I numeri parlano chiaro: i dipendenti del comparto privato si ammalano in media 17 giorni all’anno, mentre i “travet” degli uffici pubblici stanno a casa con il certificato 15,6 giornate. Una media che trova conferma anche nel Nordest. Dove si vede che ci si ammala di più in Friuli Venezia Giulia che in Veneto. I lavoratori friulani delle aziende private – sempre secondo i dati del rapporto Inps recentemente pubblicato da L’Espresso – stanno a casa per malattia 16,6 giorni all’anno, i colleghi veneti, meno cagionevoli, utilizzano il certificato per 15,7 giorni: ben una giornata di differenza per ciascun addetto. Nella pubblica amministrazione, invece, i numeri si equivalgono: i dipendenti pubblici in Friuli Venezia Giulia si ammalano 15,1 giorno all’anno, come i colleghi veneti che sono assenti dall’ufficio poiché a letto per 15 giorni nell’arco dell’anno.

Nella “geografia” delle malattie, l’80% della distribuzione delle assenze è concentrata negli “stop” fino ai dieci giorni. Dando un’occhiata poi alla distribuzione del numero di eventi per giorno di inizio della malattia il lunedì è nettamente preponderante (quasi nessuno si ammala di sabato o di domenica) con il 32% dei casi nel settore privato e il 28 nella pubblica amministrazione. Uno dei motivi del “capovolgimento” della situazione viene senz’altro attribuito alla legge Brunetta del 2008 che avrebbe reso il pubblico impiego più “virtuoso”: la normativa infatti riduce la retribuzione al solo salario base ai primi dieci giorni di malattia oltre a imporre che i certificati debbano essere redatti solo dai medici convenzionati.
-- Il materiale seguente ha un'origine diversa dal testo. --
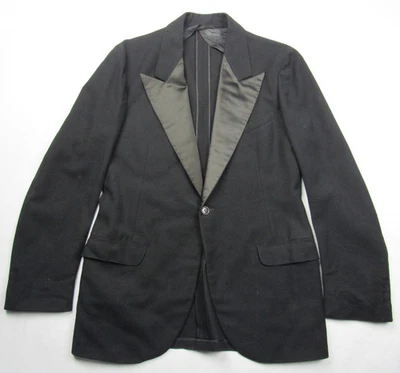 Chaqueta Esmoquin De Colección 1930 1934 Fecha Etiqueta NRA 38R Cena Noche Pico Solapa Satén Foto 1 de 4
Un provvedimento che, secondo le stime dell’Inps, avrebbe ridotto le malattie dei furbi di almeno il 40%.

Nel complesso, con l’arrivo della crisi le malattie sono in aumento in tutti i comparti della produzione. Inoltre, il rapporto dell’istituto di previdenza mette in rilievo che ci si ammala di meno nelle aziende piccole (solo 1,5 giorni all’anno nelle ditte con meno di cinque dipendenti) dove probabilmente la “filiera” del controllo è più corta. Rispetto alle tipologie contrattuali dei lavoratori ad ammalarsi di meno sono quelli con il contratto a tempo determinato, probabilmente più “ricattabili” di chi ha il posto fisso e garantito.
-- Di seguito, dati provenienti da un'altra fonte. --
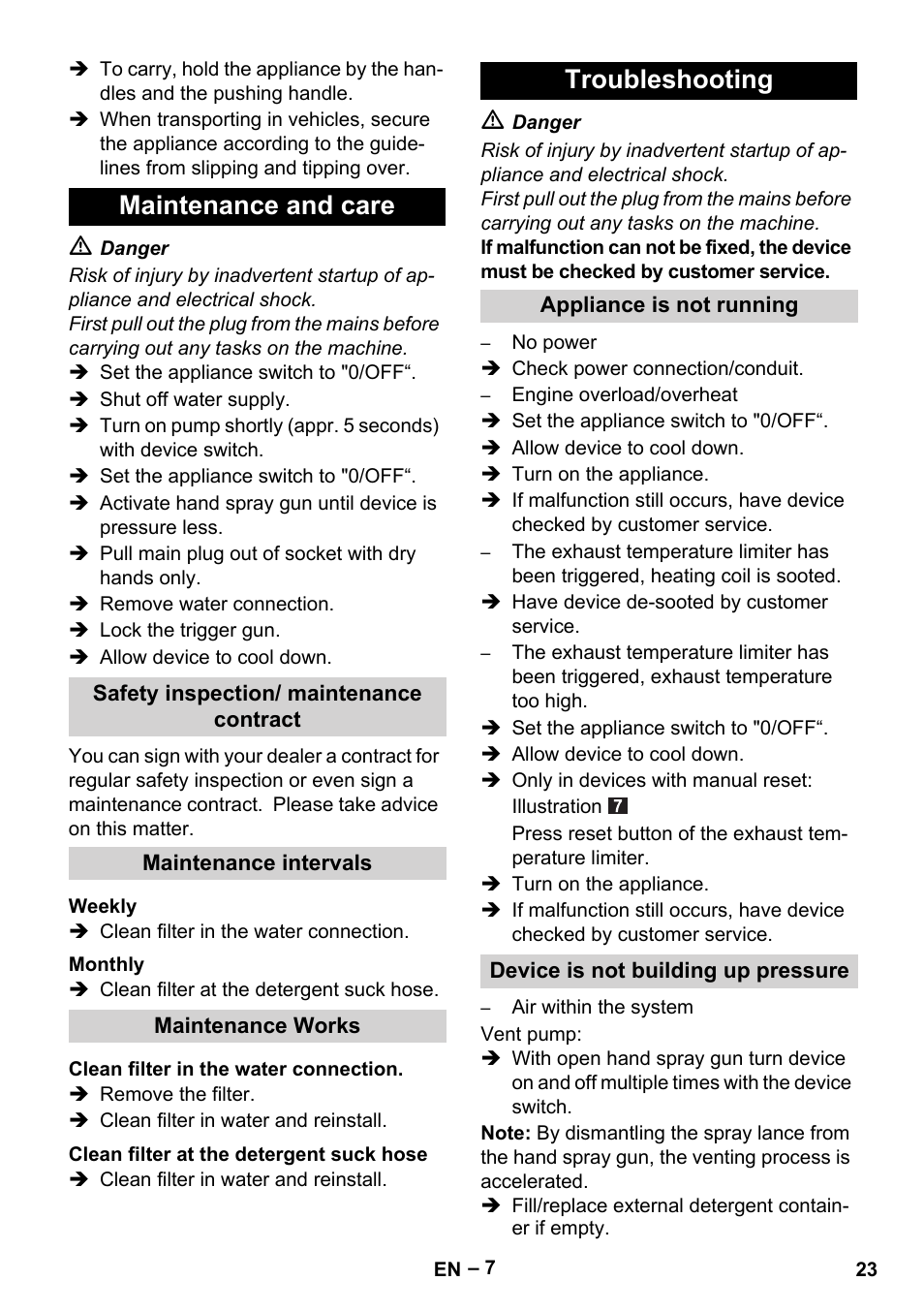 Maintenance and care, Troubleshooting | Karcher HDS 5-11 U User Manual | Page 23 / 296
Riguardo all’età, i lavoratori più a rischio malattia sono ricompresi nella fascia tra i 60 e i 64 anni: 29,8 giorni l’anno per i privati e 22,9 per i pubblici. La possibilità di dover stare a letto anziché in fabbrica o in ufficio cala un po’ nella fascia tra i 55 e i 59 anni: 24,8 giorni nel privato e 20,6 nel pubblico. Più “sani” i lavoratori giovani: tra i 25 e i 29 anni un dipendente privato si ammala 13,1 giorni, mentre un lavoratore pubblico 11,4 giorni.